For 0.10 M NH4Br, the weak acid approximation is entirely acceptable. Still, the exact quadratic solution is the most robust way to solve equilibrium problems, especially when concentrations are very low or when a problem asks for formal rigor. Starting from

Ka = x² / (C – x)

you rearrange to

x² + Ka x – Ka C = 0

Then solve with the quadratic formula:

x = [-Ka + √(Ka² + 4KaC)] / 2

Here, x is the hydronium concentration. For NH4Br at 0.10 M, this exact expression gives virtually the same value as the square-root shortcut. The calculator above can show either method, but by default it uses the exact form because it avoids approximation errors automatically.

Common mistakes to avoid

  1. Assuming NH4Br is neutral just because it is a salt. Not all salts are neutral.
  2. Using HBr to set the pH directly. HBr is not present as free strong acid after the salt is formed and dissolved.
  3. Forgetting to convert Kb of NH3 into Ka of NH4+.
  4. Treating Br- as basic. It is the conjugate base of a strong acid and is effectively neutral in this context.
  5. Rounding too early. Keep enough significant digits until the final pH value.
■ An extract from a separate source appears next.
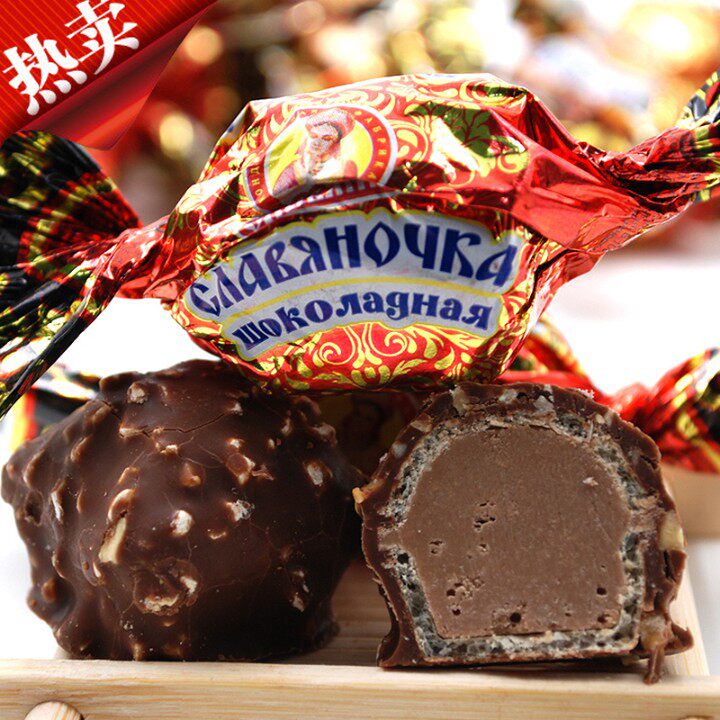 Russia imports Slavic candy candy hazelnut milk jar with a sweet casual snack of 1000 grams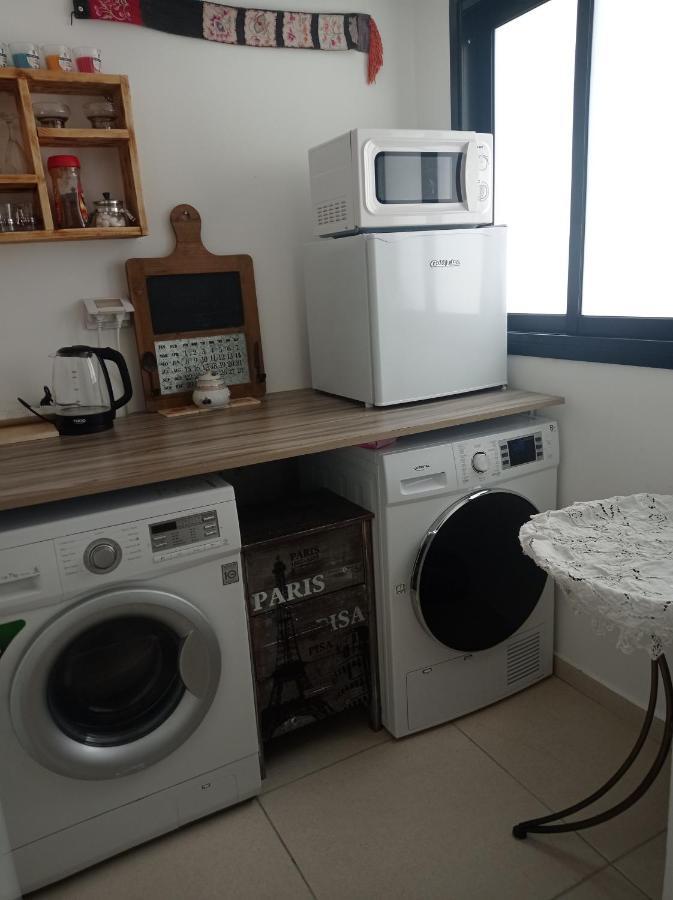 Ferienwohnung New! Great Location! Vibrant Downtown, Talpiot Market, Flea Market, Carmel Beach, Close To Everywhere Haifa Exterior foto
What the chemistry means in plain language

Imagine dissolving ammonium bromide in water. The crystal lattice breaks apart into charged particles. The bromide ion mostly floats in solution without interacting with water in an acid-base way. The ammonium ion is different. It can donate a proton to water, forming a little ammonia and hydronium. That hydronium makes the solution acidic. Because the ammonium ion is only a weak acid, it does not donate many protons, which is why the pH does not drop dramatically. This is the same fundamental logic used across weak acid, weak base, and salt hydrolysis problems in introductory chemistry.

How concentration affects the answer

The pH of ammonium bromide depends on the concentration because the amount of NH4+ available for hydrolysis changes. If the solution is more dilute, the hydronium concentration generated by the weak acid equilibrium is lower, and the pH moves closer to neutral. If the solution is more concentrated, more hydronium is produced, so the pH decreases. The trend is not linear because pH is logarithmic and because weak acid equilibria depend on the square root of concentration in the approximation regime.

For example, increasing NH4Br from 0.010 M to 0.10 M lowers the pH from roughly 5.63 to 5.13. Increasing it further to 1.00 M lowers the pH to around 4.63. Those are meaningful shifts, but they still keep the system in the weakly acidic range rather than the strongly acidic range.

Useful authoritative references

For supporting acid-base concepts, equilibrium constants, and chemical data, these references are credible starting points:

Final takeaway

To calculate the pH of 0.10 M ammonium bromide NH4Br solution, treat NH4Br as a fully dissociated salt whose acidity comes from NH4+. Convert the ammonia base constant into the acid constant of NH4+, set up the weak acid equilibrium, solve for hydronium, and convert to pH. Using Kb = 1.8 × 10-5 for NH3 and Kw = 1.0 × 10-14 at 25 C, the resulting pH is approximately 5.13. That makes ammonium bromide a mildly acidic salt solution, which is exactly what you should expect from a salt formed from a weak base and a strong acid.